Oscar Solorzano sets out the arguments for non-conviction-based forfeiture in online conference
As part of a week-long virtual conference by the Grupo de Estudios del Sistema Penal, Head of Latin America and Senior Asset Recovery Specialist Oscar Solorzano presented in Spanish on the contested topic of non-conviction-based forfeiture of assets.
Recovering assets when a criminal conviction is not possible
Non-conviction-based (NCB) asset forfeiture is a critical tool for recovering assets arising from corruption when a criminal conviction is not possible. Examples are when the wrongdoer has died or fled the jurisdiction, or is immune from prosecution.
The UN Convention against Corruption (UNCAC) and the Financial Action Task Force both support its use, and Peru has already managed to achieve landmark recoveries under its recently introduced NCB legislation, Extinción de Dominio, which is being implemented with ICAR support and training.
But in practice there are many hurdles to the full use of NCB forfeiture. A particularly frustrating hurdle is that some requested States refuse to provide mutual legal assistance in cases of NCB forfeiture because a similar mechanism doesn’t exist in their domestic legal framework.
The debate is a complicated one but crucial when a victim State is trying to recover the proceeds of corruption located in an international financial centre. The response to its request for assistance will depend on the nature and scope of the law that allows for foreign investigation.
Some of these issues are summarised in these notes from the ICAR-organised side event of the Conference of the States Parties to the UNCAC in Abu Dhabi last year, as well as in Oscar Solorzano’s speech at that event.

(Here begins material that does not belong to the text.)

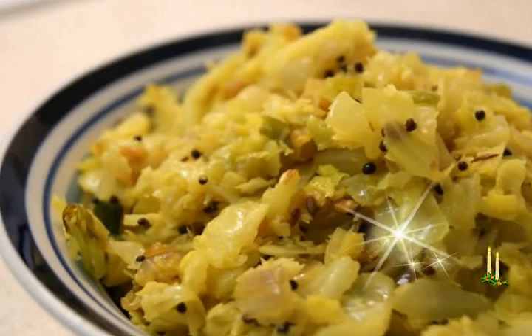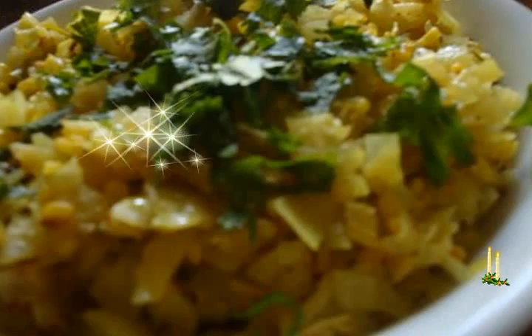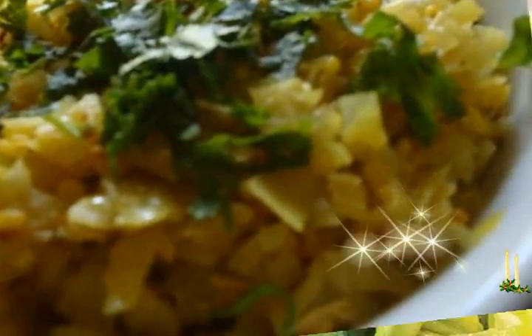To make cabbage recipe: preparation time 10 minutes, cooking time 20 minutes, makes 4 servings. Ingredients: 1 and 1/2 tablespoons coconut oil or any other refined oil.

To understand the practical implications, see also this interview with Specialised Prosecutor Hamilton Castro: Landmark asset recovery case puts Peruvian non-conviction-based confiscation legislation to the test (also in Spanish).
No impediments please
In the online conference, after covering the main topics of debate Oscar Solorzano argued that legislators should strike a balance between the adoption of stronger confiscation laws and the legal rights of individuals.
On the one hand, he said, States wish to fight rampant financial criminality through increasingly incisive legal tools. On the other hand, several centuries of legal developments focused on the protection of individual rights creates a distortion that limits the possibilities for a victim State to investigate and execute seizures in the requested state without a criminal conviction.
From our perspective, he concluded:
- When "atypical" confiscation laws pursue the proceeds of terrible crimes such as corruption…
- …when their nature does not constitute a penalty in the strict sense..
- …and when the procedural guarantees of individuals are respected in a fair trial…
We consider that there should be no impediment to providing international assistance – either during the investigation phase or during the execution of final judgments of foreign non-criminal confiscations.
- View recorded presentation by Oscar Solorzano
- Training for specialised Peruvian prosecutors in new non-conviction-based confiscation legislation
- New specialised courts to apply novel Extinción de Dominio legislation in Peru
- Stefan Mbiyavanga, Legal Specialist for Latin America, also spoke about challenges and best practices for recovering assets hiding in international financial centres. See his key points and recording here.
UN Global Compact endorses Collective Action for sustainable and responsible business
Collective Action is at the heart of the new Strategy 2021–23 of the United Nations Global…
CoST Uganda: a Collective Action approach to integrity in infrastructure procurement
An interview with Gilbert Sendugwa, Senior Regional Manager Africa of the…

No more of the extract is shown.